The Trump regime really doesn't want to acknowledge that there were ever enslaved people in America. He doesn't want to bring any attention to the people the Founding Fathers owned. When George Floyd was murdered, there was a sense that many Americans were ready to have the serious conversation about one of America's two original sins: slavery, and why slavery has so much to do with most of what's wrong in America to this day. But Donald Trump did everything in his power to bury the issue, blaming Black Lives Matter for the problems caused by white supremacy.
To that end, Trump and many red state politicians are doing whatever they can to remove books on America's sins from public view. They want them removed from classrooms and school libraries. And now, they have instructed the National Park Service to remove books on slavery from bookshelves in park visitor centers.
Better get your own while you can.
My suggestions here are not exhaustive. They are selected from among the books I have read.
The 1619 Project: A New Origin Story is indispensable. Edited by Nikole Hannah-Jones, the book is divided into short sections, each on an aspect of present day American life, showing direct connections between slavery and the modern day. It occurs to me that we often think of 1620 as the beginning of America (although the Virginia colonies predate that). So strange to think that there were enslaved people in America before the arrival of the Mayflower.
The Confederate and Neo-Confederate Reader, edited by James W. Loewen and Edward H. Sebesta. The Confederates in the title are the original secessionists who started the Civil War. The Neo-Confederates are the latter day historical revisionists who invented "the lost cause." As all the included secession documents and related writings show, the reason for the southern states leaving the union was slavery. It was slavery and nothing but. The Neo-Confederates tried, and continue to try, to confuse the issue with arguments about "states' rights" and other things that the original Confederates did not have in mind when they seceded.
Barracoon, by Zora Neale Hurston. As of the year 1808, the importation of new slaves from Africa was illegal. But smuggling continued. One of the last Africans brought to America in secret was a man named Cudjo Lewis (African name Oluala Kossola). Zora Neale Hurston interviewed him between 1927 and 1931, and this book is the result.
The 272, by Rachel L. Swarns. In Maryland, the Jesuits enslaved many human beings. When Georgetown University was facing financial troubles and possible closure, the Jesuits decided to sell their slaves to owners in Arkansas. This is their story.

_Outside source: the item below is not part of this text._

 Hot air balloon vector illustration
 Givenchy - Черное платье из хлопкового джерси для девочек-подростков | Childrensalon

We Were Eight Years in Power, by Ta-Nehisi Coates. I originally thought that this book would be about the Obama years, but the title was taken by a quotation from a Black legislator in the Reconstruction South. Before the end of Reconstruction and the onset of terror attacks by the KKK, several Blacks were elected to public office, and did a very good job. This is another book that dispels American myths about race and history.
Stamped from the Beginning: The Definitive History of Racist Ideas in America, by Ibram X. Kendi. Kendi identifies two forms of anti-Black racism: "segregationist," which is summed up by "Blacks are inherently inferior, and no amount of civilizing will change that"; and "assimilationist," "Blacks can be lifted up by civilizing contact with white people." Racist ideas have long been promulgated by people who materially benefit from racism.

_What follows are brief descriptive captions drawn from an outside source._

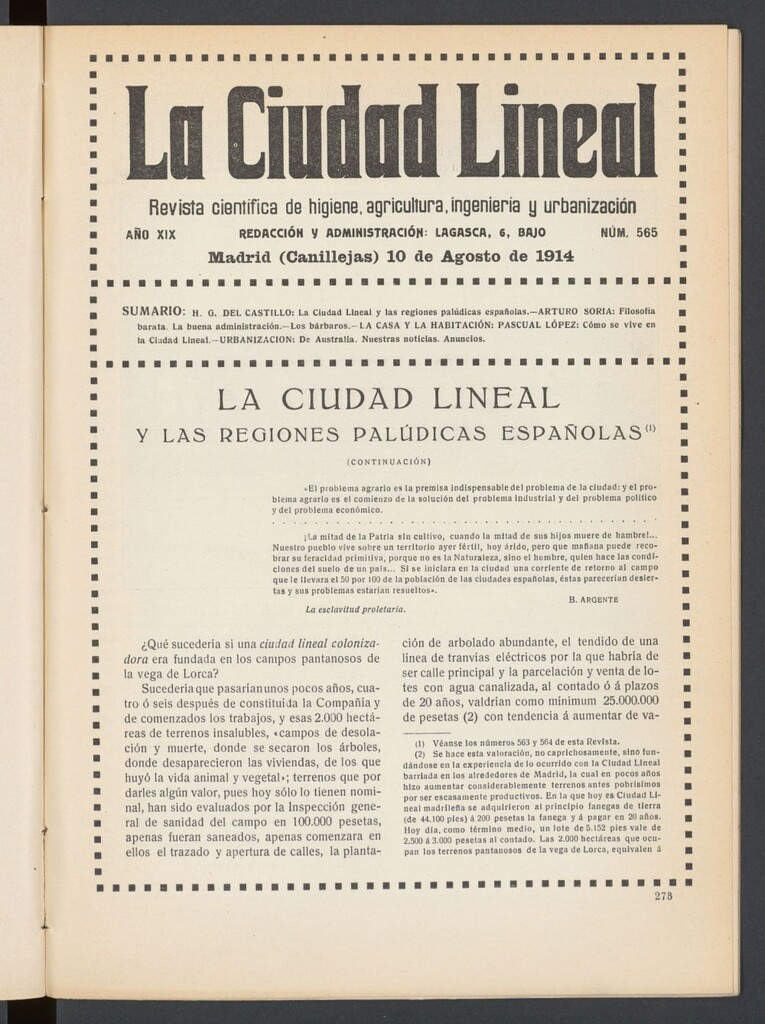 Miniatura de La Ciudad Lineal : órgano oficial de la Compañía Madrileña de Urbanización del 10 de agosto de 1914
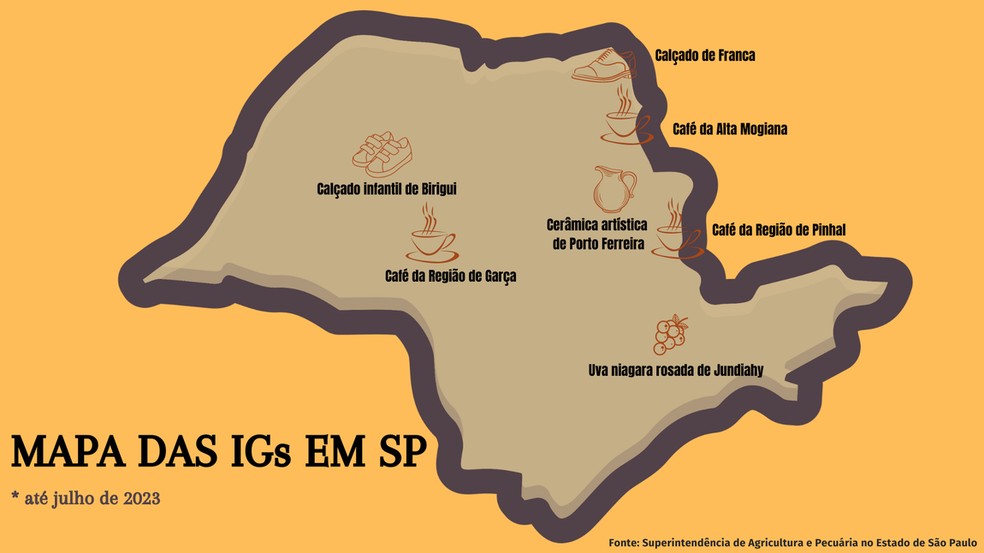 Mapa das Indicações Geográficas em São Paulo até julho de 2023 — Foto: Divulgação/Mapa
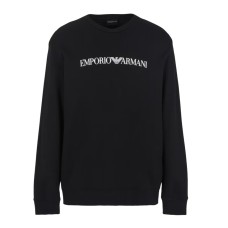 EMPORIO ARMANI FELPA BLACK IN MISTO MODAL CON STAMPA LOGO LETTERING WHITE 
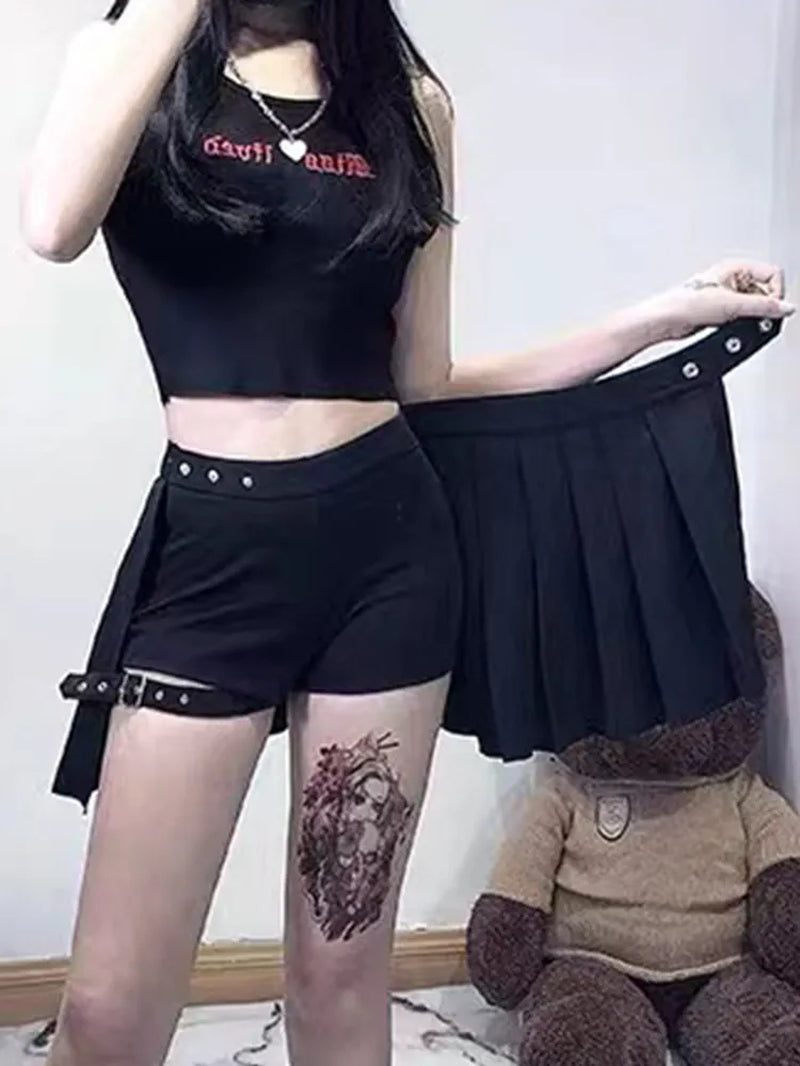 REiNaDMuErTe Punk Mall Goth Shorts Skirt Women Y2K E-Girl Streetwear Harajuku Leg Ring Buckle Detachable High Waist Emo Alt Clubwear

How the Word Is Passed: A Reckoning with the History of Slavery Across America, by Clint Smith. This is a wonderful book, and you'll learn a lot. Smith visited several sites associated with slavery to find out how each site presents its history. The locations: Monticello; The Whitney Plantation; Angola Prison (Louisiana State Penitentiary); Blandford (Confederate) Cemetery in Petersburg, VA; Galveston Island, TX (where Juneteenth began); New York City (where there were many slaves in the 17th and 18th Centuries. Read the sad story of the origin of Central Park).
Narrative of the Life of Frederick Douglass and What to the Slave is the Fourth of July?, by Frederick Douglass. Frederick Douglass is a well-known figure who is more than well worth reading. He wrote more than these two titles, but these are all I have read.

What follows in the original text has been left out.